RECORDED INFORMATION:
═══

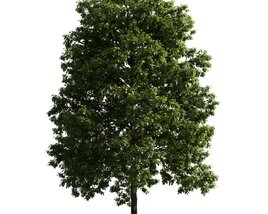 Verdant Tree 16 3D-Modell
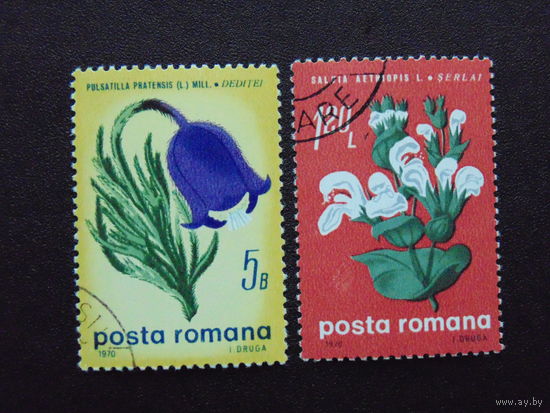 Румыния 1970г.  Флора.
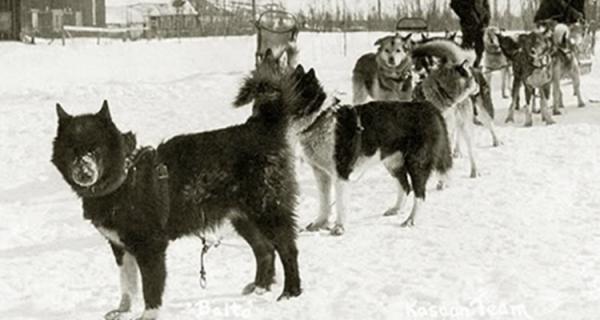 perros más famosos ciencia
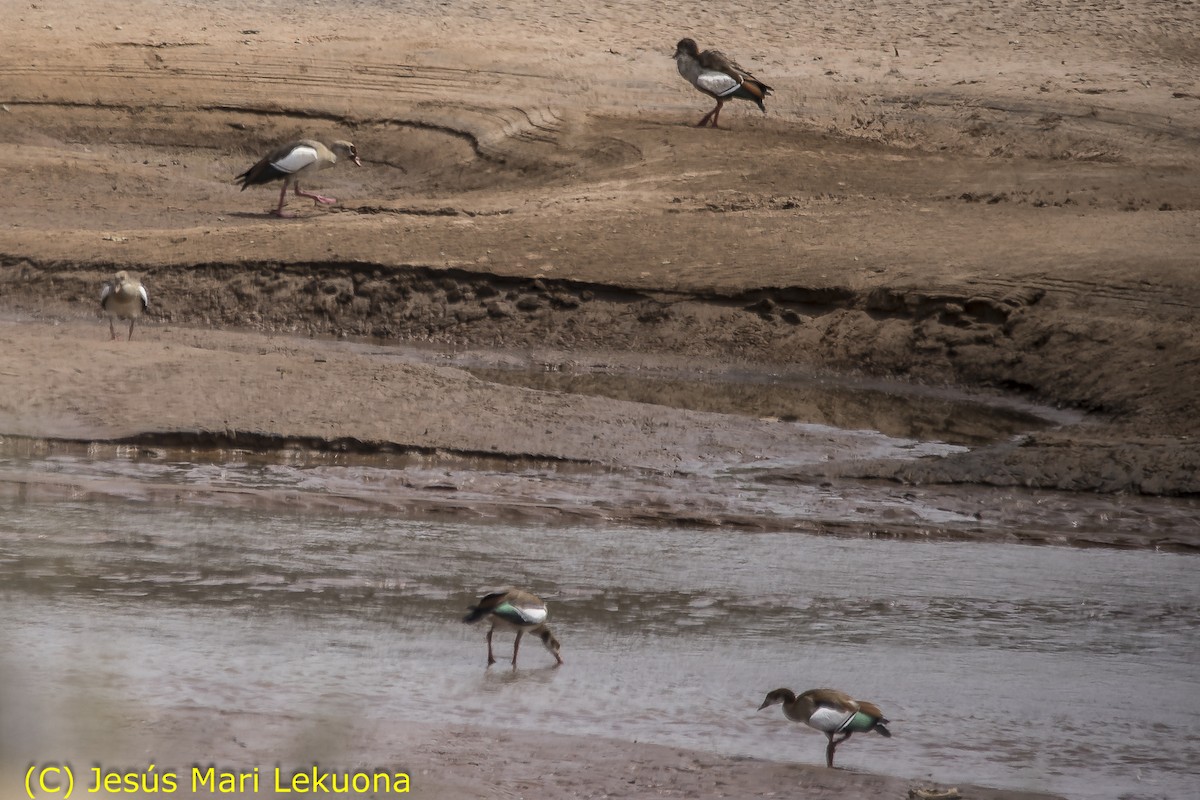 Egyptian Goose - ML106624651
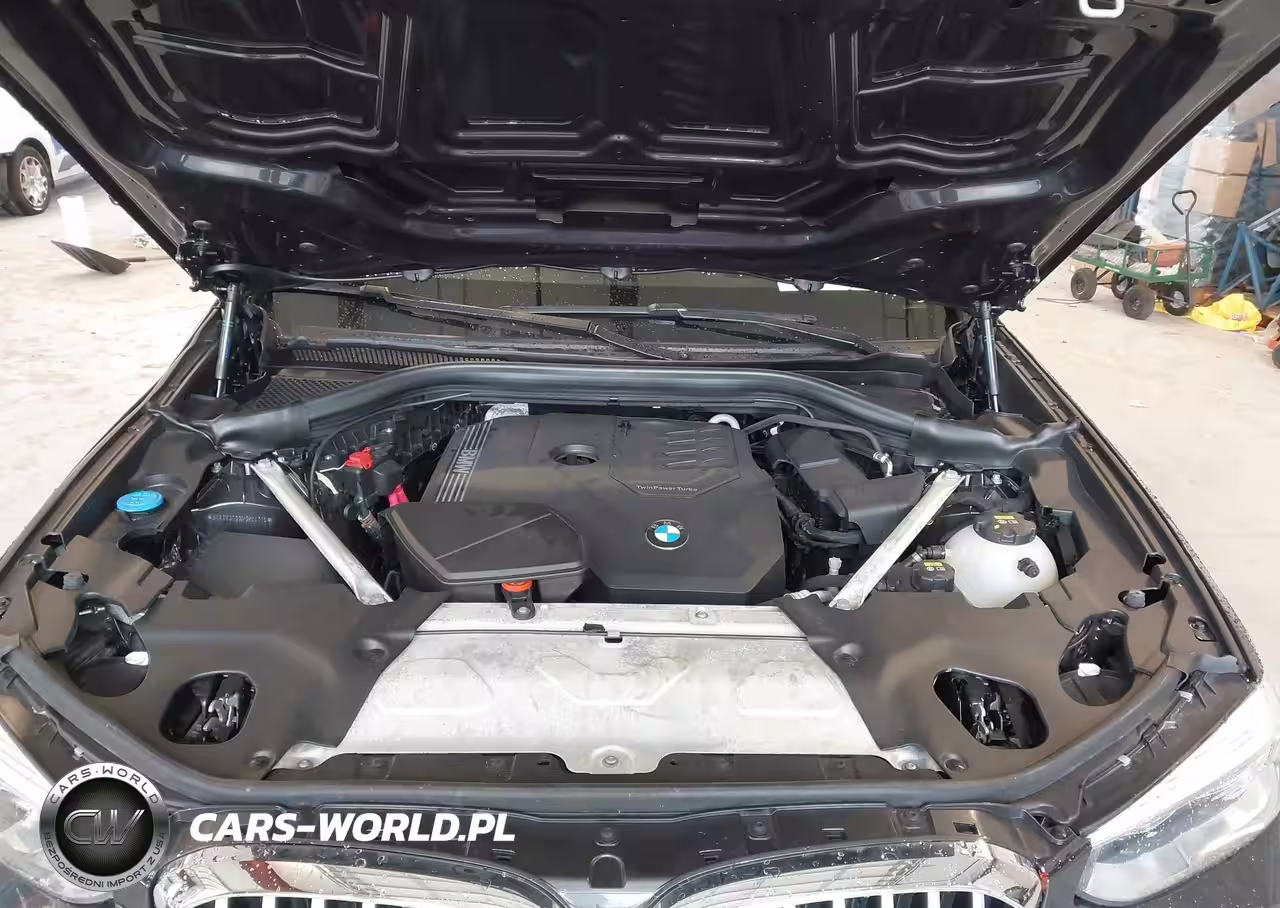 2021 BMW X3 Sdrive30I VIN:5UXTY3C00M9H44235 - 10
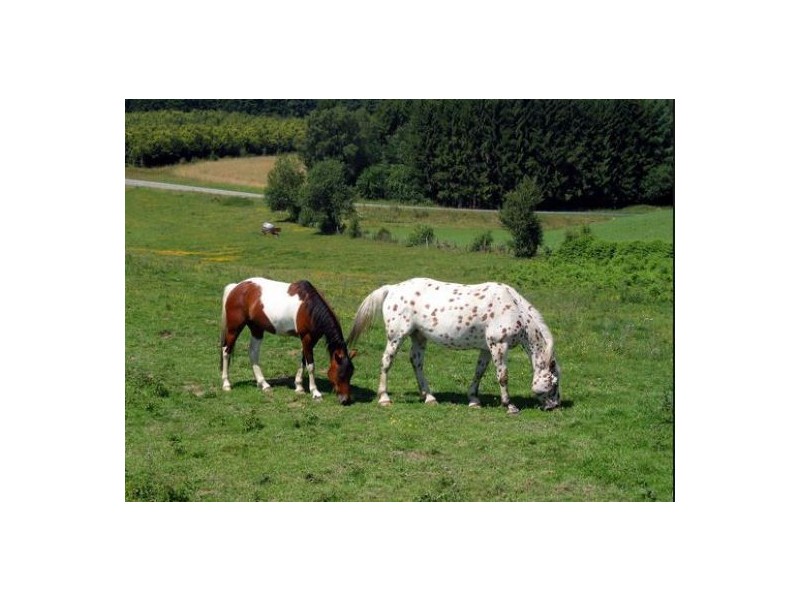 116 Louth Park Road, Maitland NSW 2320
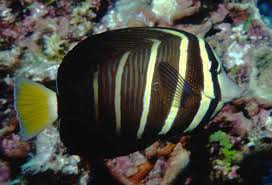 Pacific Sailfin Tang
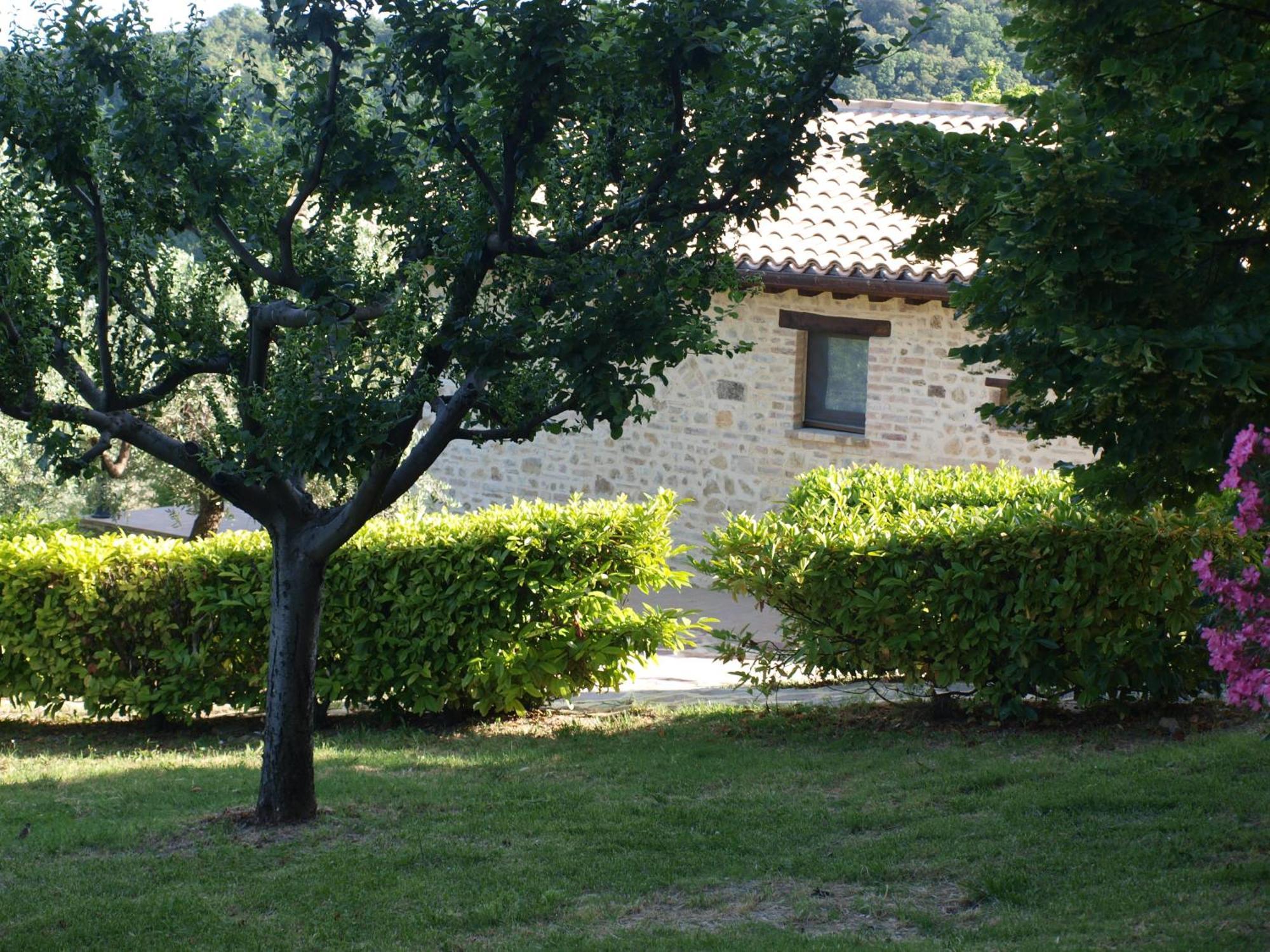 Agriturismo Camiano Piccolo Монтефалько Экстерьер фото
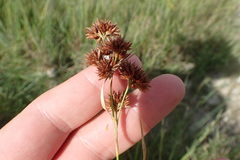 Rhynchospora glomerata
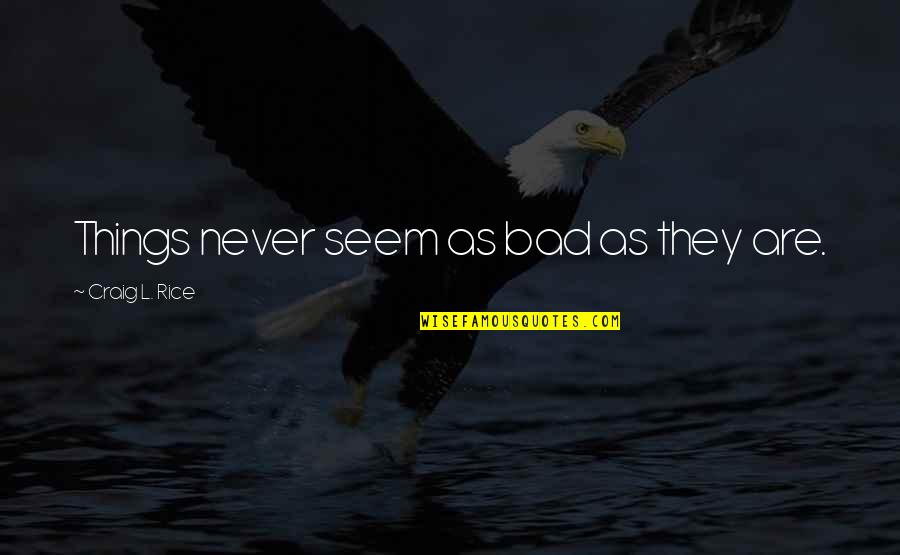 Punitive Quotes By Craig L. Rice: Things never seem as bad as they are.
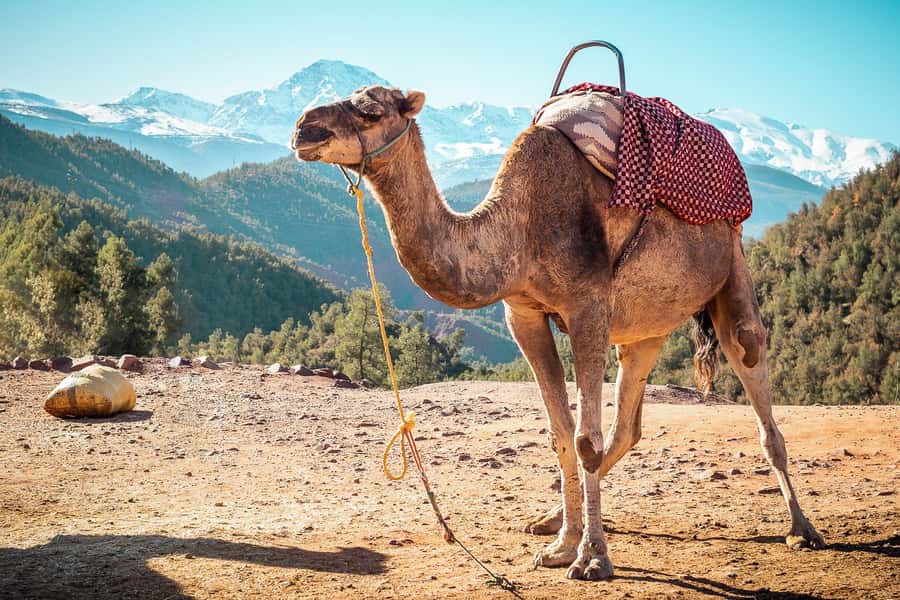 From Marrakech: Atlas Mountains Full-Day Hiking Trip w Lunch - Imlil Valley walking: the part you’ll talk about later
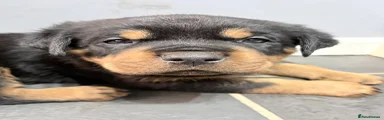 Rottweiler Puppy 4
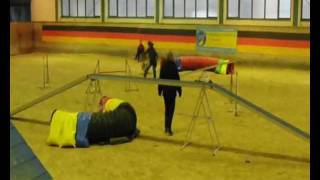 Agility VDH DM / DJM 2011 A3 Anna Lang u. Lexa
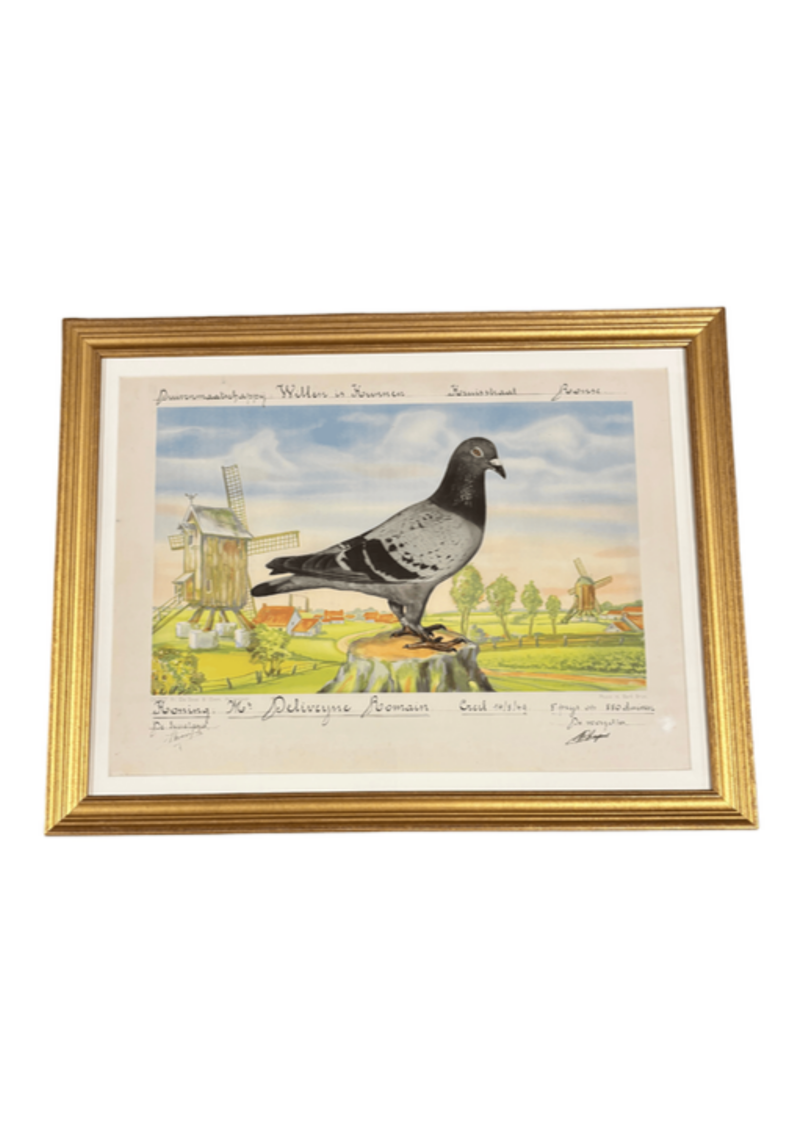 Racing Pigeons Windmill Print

═══

PROBLEM DESCRIPTION: Give back, exactly as written, the lines from the top of the material above to the line containing "Punitive Quotes By", both included; skip every picture.

RESPONSE TO THIS TASK:
 Verdant Tree 16 3D-Modell
 Румыния 1970г.  Флора.
 perros más famosos ciencia
 Egyptian Goose - ML106624651
 2021 BMW X3 Sdrive30I VIN:5UXTY3C00M9H44235 - 10
 116 Louth Park Road, Maitland NSW 2320
 Pacific Sailfin Tang
 Agriturismo Camiano Piccolo Монтефалько Экстерьер фото
 Rhynchospora glomerata
 Punitive Quotes By Craig L. Rice: Things never seem as bad as they are.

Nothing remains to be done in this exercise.